I have baked them.  I rub them with a little oil first.


----------



## quicksilver (Jul 10, 2008)

I never steamed them, but i would imangine you could, in a bamboo steamer, with the end facing down. 
We have a new member from a couple of days ago that could probably answer you, but I can't remember her name. 
I'll look back and come back. Then you can PM her.
...........................................................................

*OKay, I found her name: Moon2008. I'm sure she'll be able to help you.*

*.................................................................................*


----------



## GrillingFool (Jul 10, 2008)

ditto. About 400 degrees for 15 minutes or so, flip once..
if I remember correctly.


----------



## MostlyWater (Jul 10, 2008)

Okay, Thanks.


----------



## GB (Jul 10, 2008)

I have baked them. The do not come out as good, but they are certainly passable.


----------



## GB (Jul 10, 2008)

Just curious, why don't you want to fry them? On another post you want to fry kugel instead of baking and here you want to bake eggrolls instead of frying. Those two things just seem backwards to me, not that there is anything wrong with doing it that way.


----------



## GotGarlic (Jul 10, 2008)

MostlyWater said:


> I got the wrappers and hope to get the rest of the ingredients over the weekend and make them next weeek - but I don't want to fry them, think they'd be OK baked?



As an alternative, in the future, you could make Thai spring rolls instead. They're not cooked at all (although if there's any meat in the filling, that's cooked beforehand). Here's my recipe: http://www.discusscooking.com/forums/f21/thai-spring-rolls-spicy-peanut-sauce-43904.html


----------



## ironchef (Jul 10, 2008)

Crispy rolls are usually referred to as "spring rolls" and use dough as the wrapping. Uncooked rice paper wrapped rolls are usually referred to as "summer rolls". 

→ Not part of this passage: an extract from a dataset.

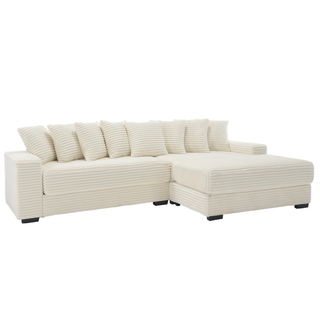 [NEW ARRIVED] [VIDEO PROVIDED] Oversized Two-Piece  Couches,  L Shaped Sofa, Corduroy, Right Chaise Daybed,with Armrests,Eight Throw Pillows,Corner Sofa,Easy To Assemble, Beige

Although you can bake it, like GB hinted, it sort of defeats the purpose. You won't get the same crispyness and flavor from deep or pan frying them.


----------



## GotGarlic (Jul 10, 2008)

ironchef said:


> Crispy rolls are usually referred to as "spring rolls" and use dough as the wrapping. Uncooked rice paper wrapped rolls are usually referred to as "summer rolls".



Heh, I was using the term my local Thai restaurant uses on their menu, but I have seen them used as you describe in cookbooks.


----------



## MostlyWater (Jul 10, 2008)

GB, I'm touched that you're reading and remembering my posts!

My potato kugel recipe calls for about 1/3 cup oil - instead of adding it to the kugel and baking it, i add it to a pan, let it get hot, then add the kugel mixture to it and fry it.  i figure it's not unhealthy that way.

I'lll look into the roll thingyh.  Thanks !


----------



## Michael in FtW (Jul 13, 2008)

I'm thinking along the same lines as GB. 

Properly fried - a dozen egg rolls will absorb less oil than your kugle recipe. And, when I've made "baked" kugel I didn't add oil to the recipe - I only used about 1-teaspoon shortening to grease the baking dish.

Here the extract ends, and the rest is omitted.